"Time to break up Live Nation-Ticketmaster": DOJ files antitrust suit against ticket giant

Updated: Surviving outrage over ticketing fiascos and a crackdown on junk fees, this could be the biggest blow yet

Published May 22, 2024 10:17PM (EDT)
Updated May 23, 2024 2:34PM (EDT)
The Ticketmaster logo is seen in this photo illustration on 04 December, 2023 in Warsaw, Poland.  (Jaap Arriens/NurPhoto via Getty Images)
The Ticketmaster logo is seen in this photo illustration on 04 December, 2023 in Warsaw, Poland. (Jaap Arriens/NurPhoto via Getty Images)

Live Nation, the group behind Ticketmaster and countless controversies surrounding ticket fiascos, is facing a Department of Justice antitrust lawsuit, Attorney General Merrick Garland announced in a Thursday press conference.

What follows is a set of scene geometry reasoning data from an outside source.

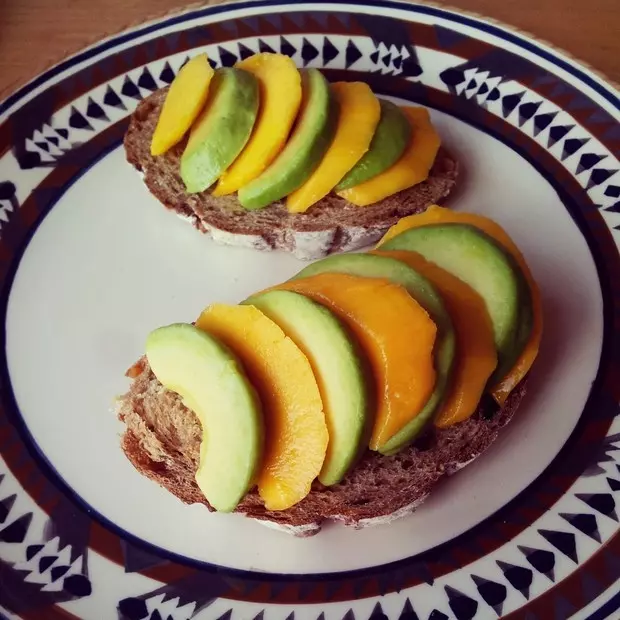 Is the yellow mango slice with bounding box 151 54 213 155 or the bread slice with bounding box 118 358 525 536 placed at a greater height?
the yellow mango slice with bounding box 151 54 213 155

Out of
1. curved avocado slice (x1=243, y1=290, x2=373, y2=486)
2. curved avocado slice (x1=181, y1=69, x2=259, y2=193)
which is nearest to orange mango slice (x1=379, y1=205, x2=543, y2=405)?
curved avocado slice (x1=243, y1=290, x2=373, y2=486)

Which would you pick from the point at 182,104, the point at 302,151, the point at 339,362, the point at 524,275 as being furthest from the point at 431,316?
the point at 182,104

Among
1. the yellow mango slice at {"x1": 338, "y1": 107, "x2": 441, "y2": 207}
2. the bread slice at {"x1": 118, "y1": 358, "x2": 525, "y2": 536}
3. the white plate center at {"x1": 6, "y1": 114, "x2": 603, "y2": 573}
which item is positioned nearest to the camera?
the bread slice at {"x1": 118, "y1": 358, "x2": 525, "y2": 536}

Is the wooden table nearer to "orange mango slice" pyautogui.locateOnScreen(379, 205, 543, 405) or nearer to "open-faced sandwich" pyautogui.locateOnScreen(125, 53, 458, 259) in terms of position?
"open-faced sandwich" pyautogui.locateOnScreen(125, 53, 458, 259)

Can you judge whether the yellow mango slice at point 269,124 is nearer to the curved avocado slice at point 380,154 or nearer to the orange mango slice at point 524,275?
the curved avocado slice at point 380,154

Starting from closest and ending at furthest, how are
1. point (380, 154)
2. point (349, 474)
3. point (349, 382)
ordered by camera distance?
point (349, 382) → point (349, 474) → point (380, 154)

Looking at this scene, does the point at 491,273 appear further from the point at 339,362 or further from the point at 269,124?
the point at 269,124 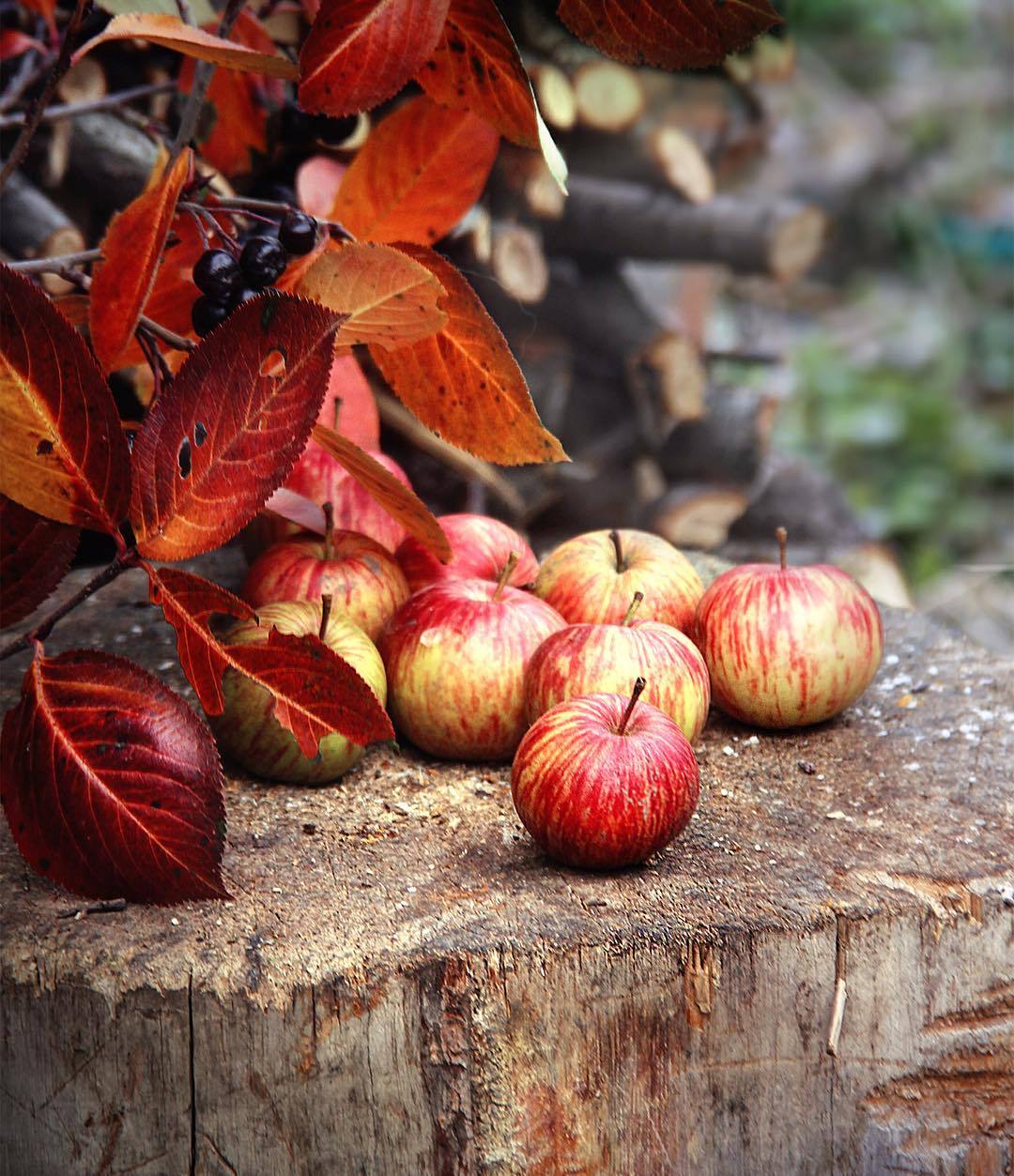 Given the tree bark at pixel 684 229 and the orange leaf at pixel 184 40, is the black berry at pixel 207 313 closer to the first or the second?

"We allege ... [that] Live Nation relies on unlawful, anticompetitive conduct to exercise its monopolistic control over the live events industry," Garland said. "The result is that fans pay more in fees, artists have fewer opportunities to play concerts, smaller promoters get squeezed out, and venues have fewer real choices for ticketing services. It is time to break up Live Nation-Ticketmaster."

The company, which has allegedly engaged in price-gouging, tactics to push venues into exclusivity contracts, and other anti-competitive practices, has been the target of calls for regulation for years, coming to a head following the online sale for tickets to Taylor Swift’s “Eras Tour.”

Congressional condemnation and a Senate Judiciary Committee hearing yielded few policy changes, but the DOJ probe could prove the most decisive blow to the events giant yet, which owns and operates venues, sells tickets, and promotes live events. 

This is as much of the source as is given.